Exercise objective
Write the following entries out again exactly, skipping each image.

Data excerpts:
= = = =
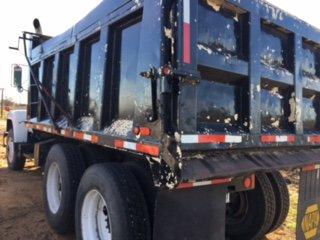 1987 MACK DUMP TRUCK;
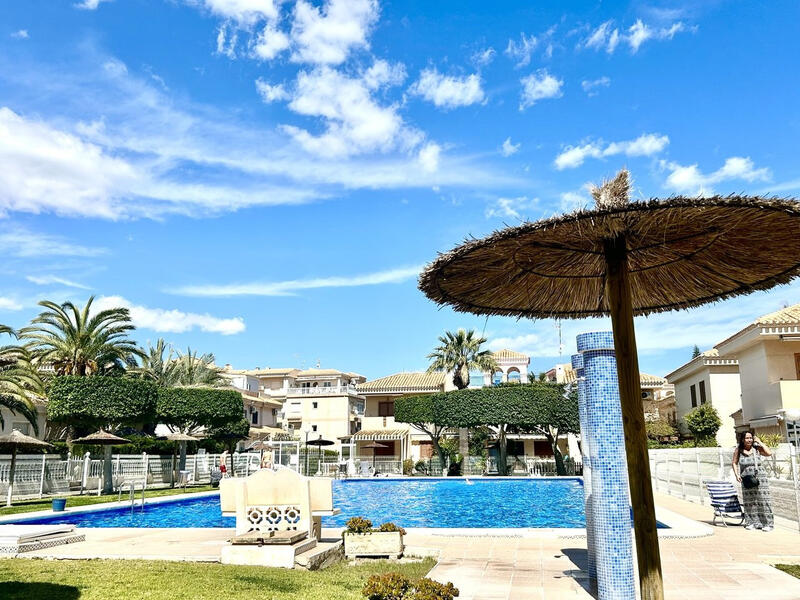 2 soverom Rekkehus til salgs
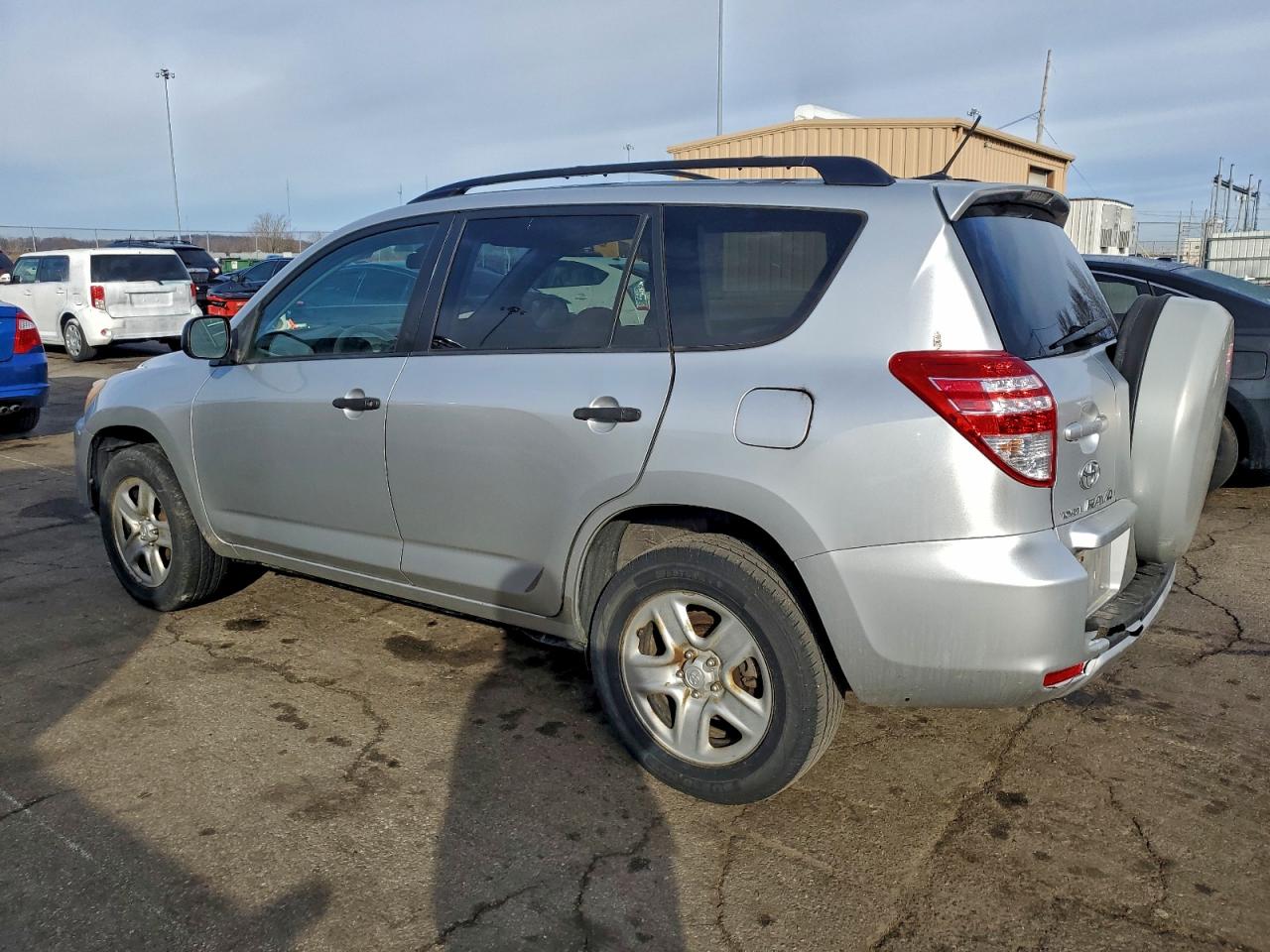 2010 TOYOTA RAV4 photo 2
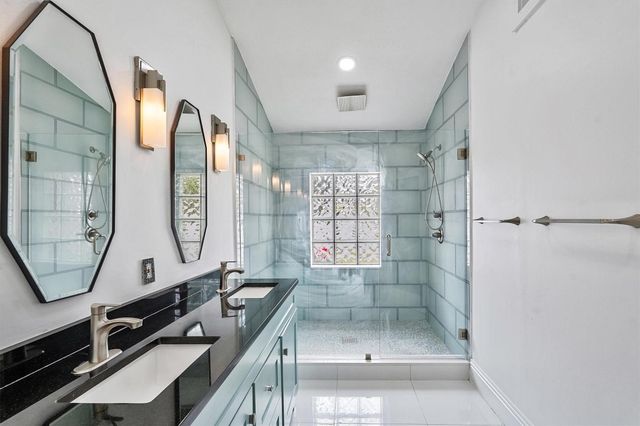 26 Dogwood Circle, Boynton Beach, FL 33436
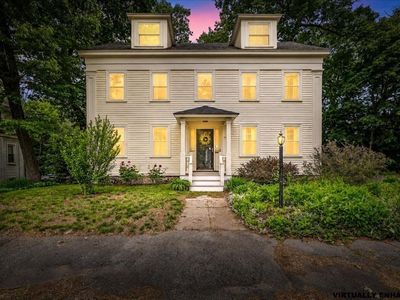 10 Summit Ave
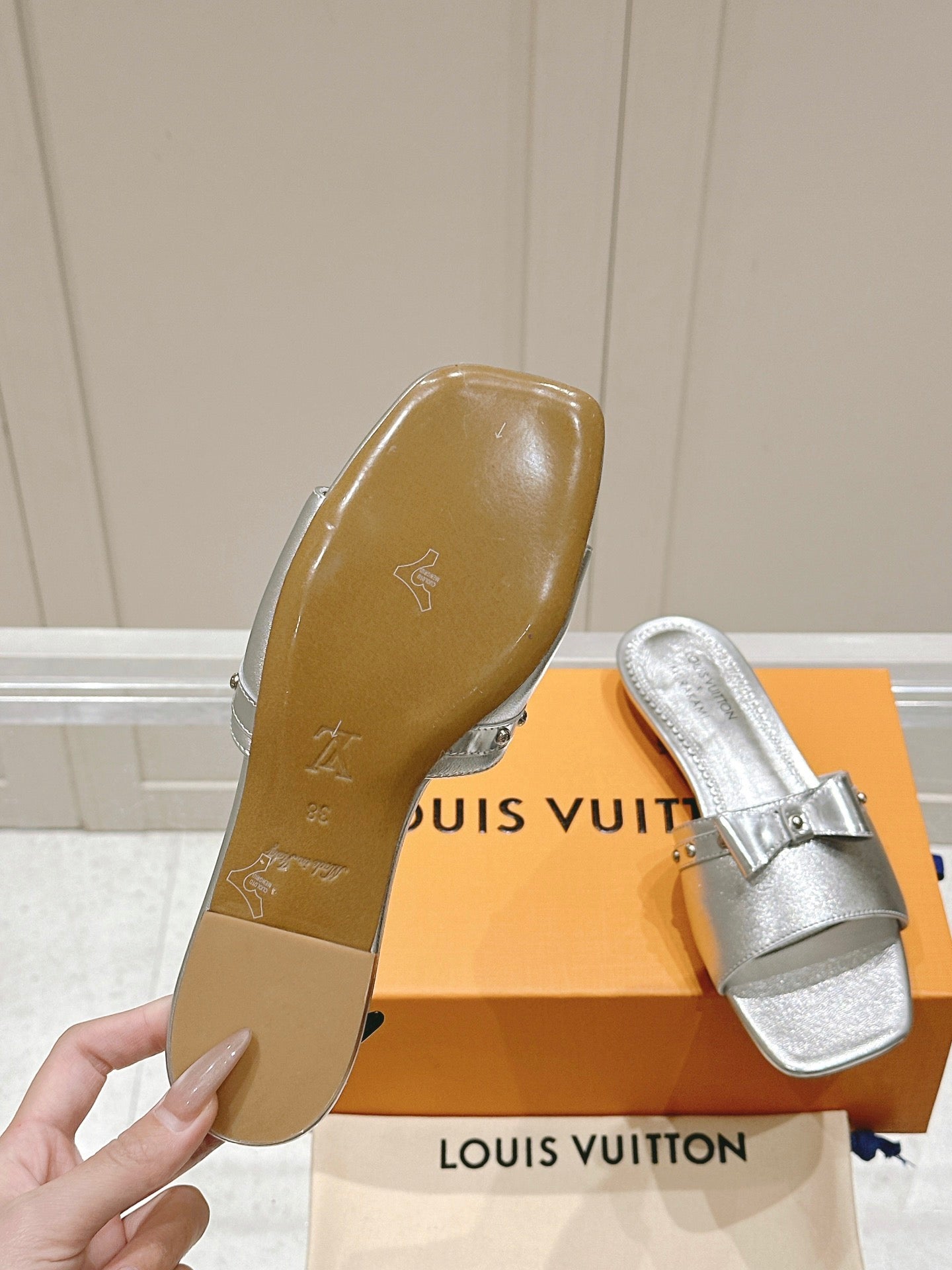 LuxluxHouse Best Quality Women Shoes Louis Vuitton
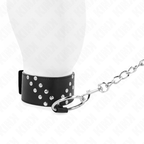 Collier à ceinture avec rivets en V — détail texture surface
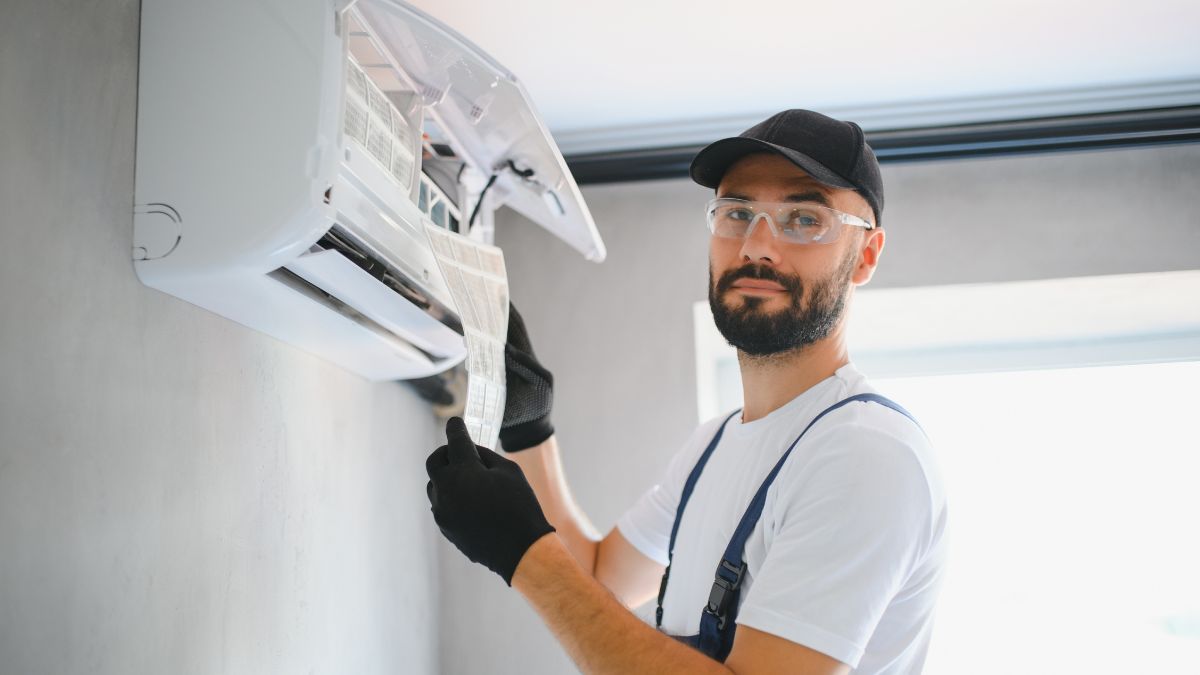 Technik kontroluje klimatizáciu a pripravuje sa na údržbu zariadenia.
= = = =
The completed task
 1987 MACK DUMP TRUCK;
 2 soverom Rekkehus til salgs
 2010 TOYOTA RAV4 photo 2
 26 Dogwood Circle, Boynton Beach, FL 33436
 10 Summit Ave
 LuxluxHouse Best Quality Women Shoes Louis Vuitton
 Collier à ceinture avec rivets en V — détail texture surface
 Technik kontroluje klimatizáciu a pripravuje sa na údržbu zariadenia.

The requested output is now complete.